Fang Jianwen, Tai David
Applied Bioinformatics Laboratory, the University of Kansas, Lawrence, 66047, USA.
Curr Drug Discov Technol. 2011 Jun;8(2):107-11. doi: 10.2174/157016311795563839.
Feature selection has become increasingly important for quantitative structure-activity relationship (QSAR) studies. In the present article, we evaluate three state-of-the-art feature selection algorithms, namely mutual information (MI), genetic algorithm (GA), and support vector machine regression (SVR)-based recursive feature elimination (SVR-RFE), in the reduction of high dimensional feature space for QSAR regression. We used SVR to evaluate the performance of these feature selection algorithms.
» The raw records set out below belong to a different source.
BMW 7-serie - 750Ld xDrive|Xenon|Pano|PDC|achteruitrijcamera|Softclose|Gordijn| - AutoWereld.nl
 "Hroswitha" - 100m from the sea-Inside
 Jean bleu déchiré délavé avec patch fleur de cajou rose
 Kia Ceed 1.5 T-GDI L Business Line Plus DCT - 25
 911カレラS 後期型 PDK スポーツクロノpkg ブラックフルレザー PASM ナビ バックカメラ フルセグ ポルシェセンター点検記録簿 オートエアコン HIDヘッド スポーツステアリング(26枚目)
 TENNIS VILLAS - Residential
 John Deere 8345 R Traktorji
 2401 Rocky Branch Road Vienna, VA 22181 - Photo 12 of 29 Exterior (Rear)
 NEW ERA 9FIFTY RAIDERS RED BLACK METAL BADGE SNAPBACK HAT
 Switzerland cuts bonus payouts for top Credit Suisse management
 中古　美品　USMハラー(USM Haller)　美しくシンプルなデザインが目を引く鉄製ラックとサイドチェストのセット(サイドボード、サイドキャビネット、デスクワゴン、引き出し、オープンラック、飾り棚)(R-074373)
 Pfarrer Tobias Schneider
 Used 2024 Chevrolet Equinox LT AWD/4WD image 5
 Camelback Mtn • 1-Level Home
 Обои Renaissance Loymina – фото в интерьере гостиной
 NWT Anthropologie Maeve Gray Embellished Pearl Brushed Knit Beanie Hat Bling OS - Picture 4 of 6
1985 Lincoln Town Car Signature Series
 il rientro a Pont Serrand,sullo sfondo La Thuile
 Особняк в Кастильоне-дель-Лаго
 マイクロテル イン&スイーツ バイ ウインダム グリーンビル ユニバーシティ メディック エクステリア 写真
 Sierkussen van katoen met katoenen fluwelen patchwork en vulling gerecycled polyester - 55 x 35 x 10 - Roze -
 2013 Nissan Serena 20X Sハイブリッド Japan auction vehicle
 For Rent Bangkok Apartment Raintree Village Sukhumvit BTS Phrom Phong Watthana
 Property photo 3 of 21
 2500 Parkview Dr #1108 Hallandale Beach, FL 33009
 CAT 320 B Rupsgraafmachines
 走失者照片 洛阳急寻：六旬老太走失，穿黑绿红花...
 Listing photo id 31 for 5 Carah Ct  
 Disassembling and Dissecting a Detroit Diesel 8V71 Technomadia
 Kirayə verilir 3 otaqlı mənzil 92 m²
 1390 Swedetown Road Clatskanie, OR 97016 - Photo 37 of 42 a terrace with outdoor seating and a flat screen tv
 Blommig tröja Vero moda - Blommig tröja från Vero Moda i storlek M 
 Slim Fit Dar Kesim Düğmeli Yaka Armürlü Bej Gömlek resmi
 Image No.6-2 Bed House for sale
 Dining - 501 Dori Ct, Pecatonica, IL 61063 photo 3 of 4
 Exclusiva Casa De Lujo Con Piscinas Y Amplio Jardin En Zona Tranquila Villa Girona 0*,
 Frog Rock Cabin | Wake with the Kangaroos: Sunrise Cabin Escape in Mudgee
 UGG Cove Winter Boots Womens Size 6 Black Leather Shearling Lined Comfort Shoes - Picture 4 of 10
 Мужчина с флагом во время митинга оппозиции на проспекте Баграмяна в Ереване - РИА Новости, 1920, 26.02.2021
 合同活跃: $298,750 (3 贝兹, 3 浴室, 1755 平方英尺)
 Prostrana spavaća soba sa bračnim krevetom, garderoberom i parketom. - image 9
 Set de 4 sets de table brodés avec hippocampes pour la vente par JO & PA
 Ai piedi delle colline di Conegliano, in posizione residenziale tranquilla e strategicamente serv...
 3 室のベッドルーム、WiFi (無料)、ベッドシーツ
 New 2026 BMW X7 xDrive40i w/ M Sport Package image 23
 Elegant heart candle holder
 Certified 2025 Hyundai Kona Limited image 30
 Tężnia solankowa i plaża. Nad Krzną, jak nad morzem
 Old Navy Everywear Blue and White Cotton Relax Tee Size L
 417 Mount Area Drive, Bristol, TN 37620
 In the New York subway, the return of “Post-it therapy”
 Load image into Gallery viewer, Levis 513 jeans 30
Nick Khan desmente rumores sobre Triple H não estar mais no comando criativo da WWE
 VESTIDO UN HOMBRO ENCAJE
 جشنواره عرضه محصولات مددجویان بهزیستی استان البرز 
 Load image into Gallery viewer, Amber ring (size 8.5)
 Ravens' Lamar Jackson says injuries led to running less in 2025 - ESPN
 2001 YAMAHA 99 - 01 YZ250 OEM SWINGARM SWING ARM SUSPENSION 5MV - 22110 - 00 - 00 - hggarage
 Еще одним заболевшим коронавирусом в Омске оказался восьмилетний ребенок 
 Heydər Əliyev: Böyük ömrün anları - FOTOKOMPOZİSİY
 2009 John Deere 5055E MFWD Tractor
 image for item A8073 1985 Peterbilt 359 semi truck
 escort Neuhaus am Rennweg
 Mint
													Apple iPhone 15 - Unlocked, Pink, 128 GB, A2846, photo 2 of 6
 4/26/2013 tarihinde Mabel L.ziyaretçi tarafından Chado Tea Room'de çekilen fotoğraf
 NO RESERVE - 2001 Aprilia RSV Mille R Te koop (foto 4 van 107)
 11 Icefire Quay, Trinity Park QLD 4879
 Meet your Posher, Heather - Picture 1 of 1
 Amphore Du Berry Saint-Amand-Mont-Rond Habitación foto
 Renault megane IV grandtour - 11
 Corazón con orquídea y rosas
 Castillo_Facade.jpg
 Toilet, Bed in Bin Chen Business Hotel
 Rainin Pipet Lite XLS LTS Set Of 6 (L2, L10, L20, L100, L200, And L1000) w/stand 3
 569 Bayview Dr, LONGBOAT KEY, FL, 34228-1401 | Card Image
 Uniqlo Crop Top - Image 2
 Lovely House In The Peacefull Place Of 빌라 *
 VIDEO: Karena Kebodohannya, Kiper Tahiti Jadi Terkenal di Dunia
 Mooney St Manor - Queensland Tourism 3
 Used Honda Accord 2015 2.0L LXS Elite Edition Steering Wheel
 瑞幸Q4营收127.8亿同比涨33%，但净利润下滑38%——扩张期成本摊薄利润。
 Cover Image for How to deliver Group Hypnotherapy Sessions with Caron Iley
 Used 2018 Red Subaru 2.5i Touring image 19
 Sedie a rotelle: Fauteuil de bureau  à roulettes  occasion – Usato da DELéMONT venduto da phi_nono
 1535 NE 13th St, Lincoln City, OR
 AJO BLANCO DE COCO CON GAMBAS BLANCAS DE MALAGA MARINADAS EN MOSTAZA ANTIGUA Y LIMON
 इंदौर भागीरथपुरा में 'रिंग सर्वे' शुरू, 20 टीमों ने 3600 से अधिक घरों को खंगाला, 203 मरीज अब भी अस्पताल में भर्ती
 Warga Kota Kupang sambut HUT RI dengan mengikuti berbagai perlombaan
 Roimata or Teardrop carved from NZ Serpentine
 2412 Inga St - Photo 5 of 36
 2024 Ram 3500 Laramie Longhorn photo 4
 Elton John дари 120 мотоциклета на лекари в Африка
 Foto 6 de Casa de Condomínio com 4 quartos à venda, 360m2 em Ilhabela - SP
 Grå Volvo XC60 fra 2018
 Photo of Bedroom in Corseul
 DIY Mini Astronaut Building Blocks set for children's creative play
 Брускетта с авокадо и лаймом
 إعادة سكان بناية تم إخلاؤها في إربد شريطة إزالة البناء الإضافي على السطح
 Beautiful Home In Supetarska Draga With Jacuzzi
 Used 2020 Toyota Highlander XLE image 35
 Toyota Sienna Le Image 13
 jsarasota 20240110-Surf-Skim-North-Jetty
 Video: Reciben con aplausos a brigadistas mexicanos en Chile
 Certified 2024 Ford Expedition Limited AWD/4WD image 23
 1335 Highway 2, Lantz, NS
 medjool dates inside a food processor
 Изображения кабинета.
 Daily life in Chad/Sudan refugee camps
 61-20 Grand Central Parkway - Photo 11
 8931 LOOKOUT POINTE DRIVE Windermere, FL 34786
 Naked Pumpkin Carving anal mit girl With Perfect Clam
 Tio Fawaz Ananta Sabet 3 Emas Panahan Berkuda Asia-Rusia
In addition, we present a simple but very efficient iterative strategy for optimizing parameters for SVM-RFE algorithm. All three algorithms can effectively reduce the number of features and often achieve improved performance.
特征选择对于定量构效关系(QSAR)研究变得越来越重要。在本文中,我们评估了三种最先进的特征选择算法,即互信息(MI)、遗传算法(GA)和基于支持向量机回归(SVR)的递归特征消除(SVR-RFE),用于减少QSAR回归的高维特征空间。我们使用SVR来评估这些特征选择算法的性能。此外,我们提出了一种简单但非常有效的迭代策略来优化SVM-RFE算法的参数。所有这三种算法都可以有效地减少特征数量,并常常实现性能的提升。